Augmentation des quotas de pêche aux maquereaux malgré les avertissements scientifiques

Ce lundi 30 mars, l’Union européenne a décidé d’augmenter ses quotas de pêche de maquereaux dans l’Atlantique Nord pour 2026, une décision controversée qui va à l’encontre des recommandations des scientifiques. Ces derniers avaient exprimé de vives inquiétudes concernant l’état de l’espèce, déjà menacée par la surpêche.

EN BREF

  • Les quotas de pêche de maquereaux pour 2026 augmentent de 48 %.
  • Les scientifiques recommandent une réduction de 70 % pour protéger l’espèce.
  • Les pêcheurs français demandent une harmonisation des efforts de réduction avec les pays nordiques.

Initialement, lors d’une réunion en décembre, les pays de l’UE avaient accepté de suivre les recommandations du Conseil international pour l’exploration de la mer (Ciem) en proposant une réduction drastique des captures, s’élevant à 70 % par rapport à 2025. Toutefois, sous la pression des pêcheurs et dans un souci d’équilibre avec les pays voisins tels que le Royaume-Uni, la Norvège, les îles Féroé et l’Islande, l’Union européenne a finalement opté pour une baisse moins sévère, fixée à 48 %.

Cette décision s’inscrit dans un contexte où le maquereau de l’Atlantique, fuyant les eaux réchauffées, a migré vers le Nord, se retrouvant ainsi vulnérable à la surpêche.

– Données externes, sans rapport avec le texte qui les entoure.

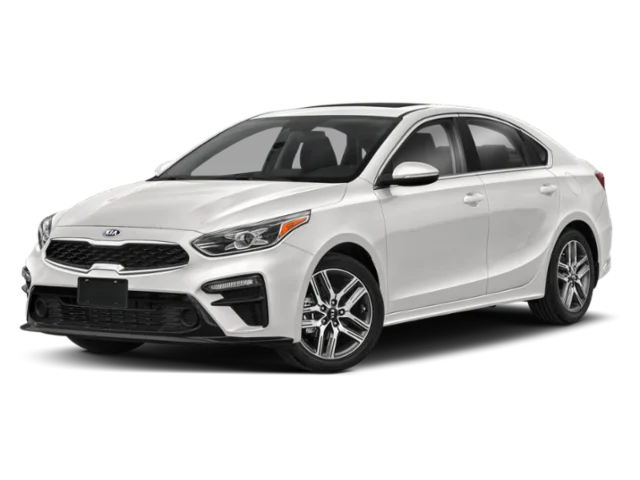 2019 Kia Forte EX AT's photo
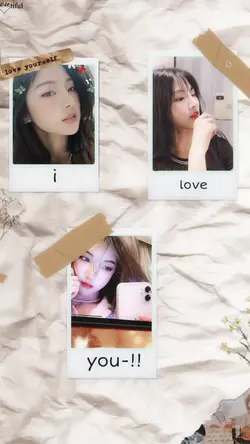 polaroid photo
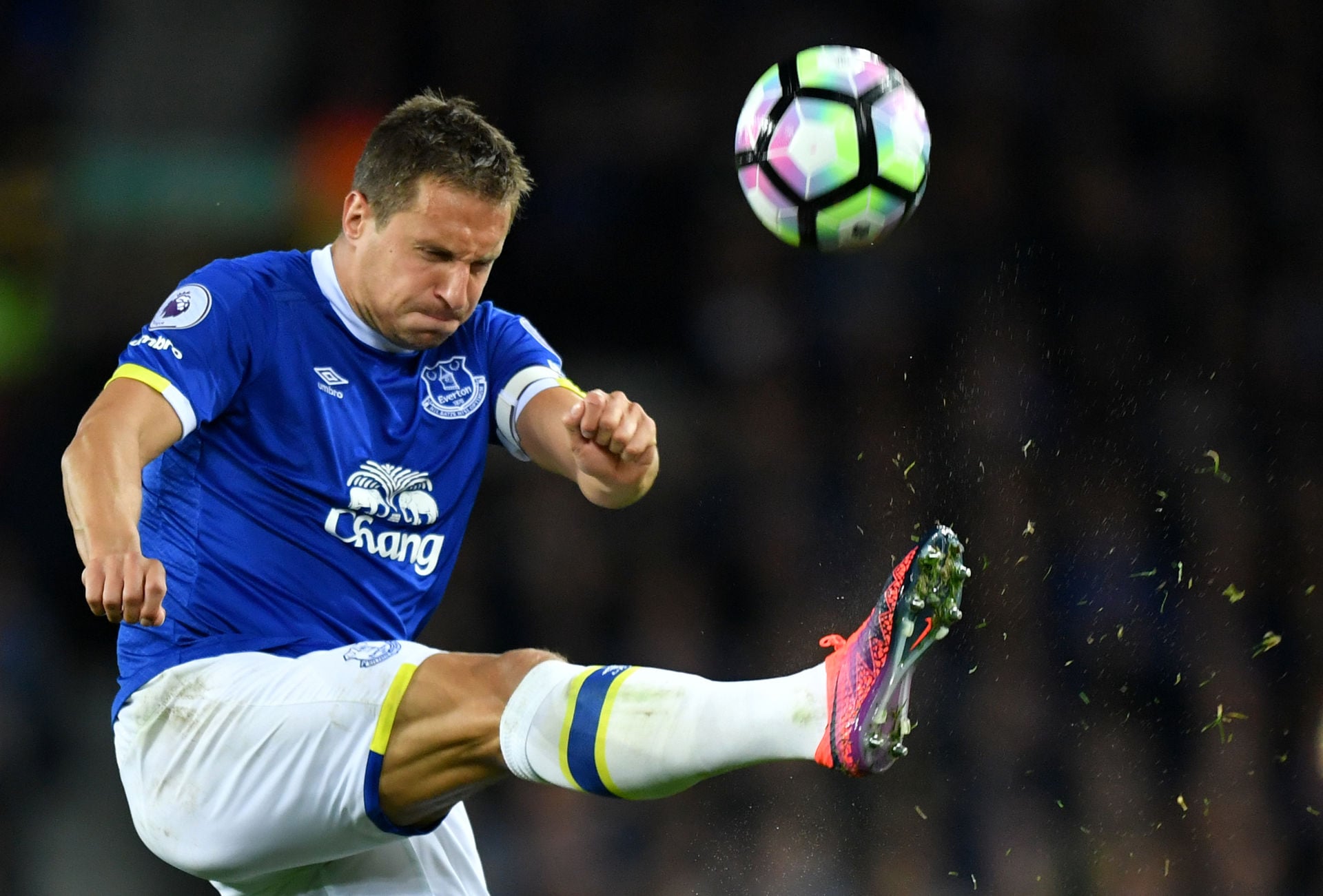liverpool manchester city title Phil Jagielka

Les scientifiques mettent en garde : la reproduction de cette espèce n’est plus garantie, notamment autour de l’Islande et de la Norvège, zones désormais considérées comme critiques pour la survie du maquereau.

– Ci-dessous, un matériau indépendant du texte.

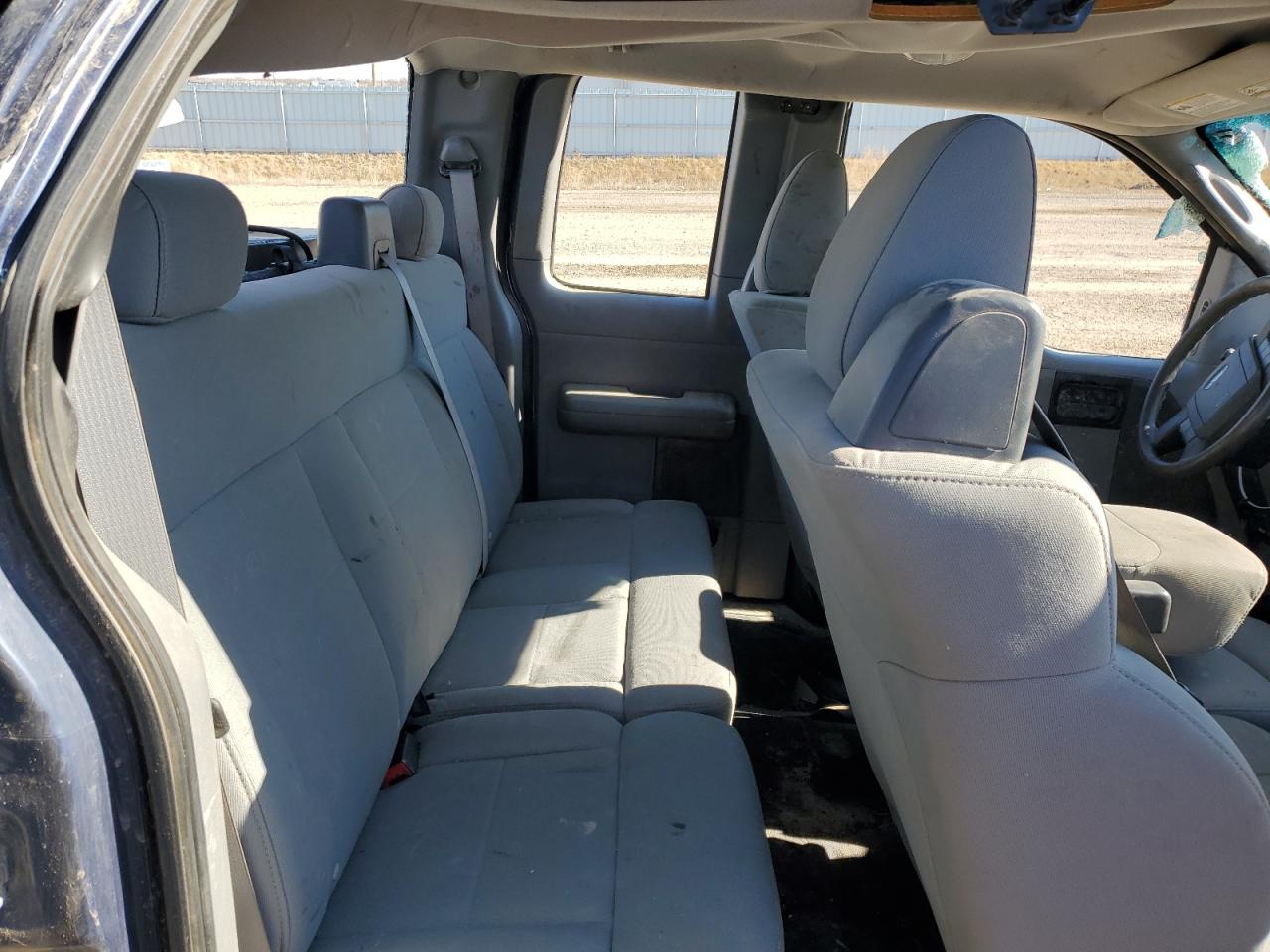 2007 Ford F-150 - Image 10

Le désaccord persistant entre l’Union européenne et ses voisins, accusés de surexploiter la ressource, complique la situation. Face à l’absence d’un accord commun pour une réduction significative de la pêche, les pays européens ont choisi de s’aligner sur une alternative moins stricte. Cette décision a suscité des débats intenses, certains critiques arguant qu’elle compromet l’avenir de l’espèce.

La ministre française de la pêche, Catherine Chabaud, a exprimé des réserves concernant cette hausse des quotas. Bien que la France n’ait pas formellement contesté la décision, elle a appelé à des négociations multilatérales avec les pays voisins pour établir un cadre de gestion durable de la pêche au maquereau. « Il est urgent de ne pas trop pressuriser la ressource », a-t-elle déclaré, soulignant la nécessité d’une approche concertée pour protéger cette espèce essentielle.

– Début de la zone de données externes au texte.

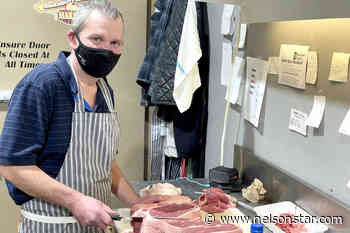 Christina Lake grocer hands out thousands in employee bonuses – Nelson Star - Nelson Star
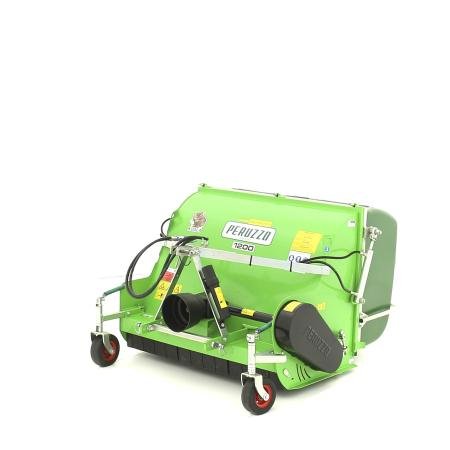 PERUZZO KOALA 1200 H KLEPELMAAIER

La question des quotas de pêche est particulièrement sensible dans le cadre des relations entre l’Union européenne et l’Islande, qui envisage de reprendre ses négociations d’adhésion. Les discussions autour de la pêche pourraient donc devenir un point névralgique dans ces pourparlers, surtout si l’issue d’un référendum prévu fin août en Islande se révèle positive pour l’adhésion.

Dans l’attente des résultats de ces négociations, la décision de l’Union européenne d’augmenter les quotas de maquereaux soulève des préoccupations quant à l’avenir de cette espèce et à l’équilibre des écosystèmes marins, qui sont déjà sous pression. Les prochaines étapes seront cruciales, tant pour les pêcheurs que pour la durabilité de la ressource.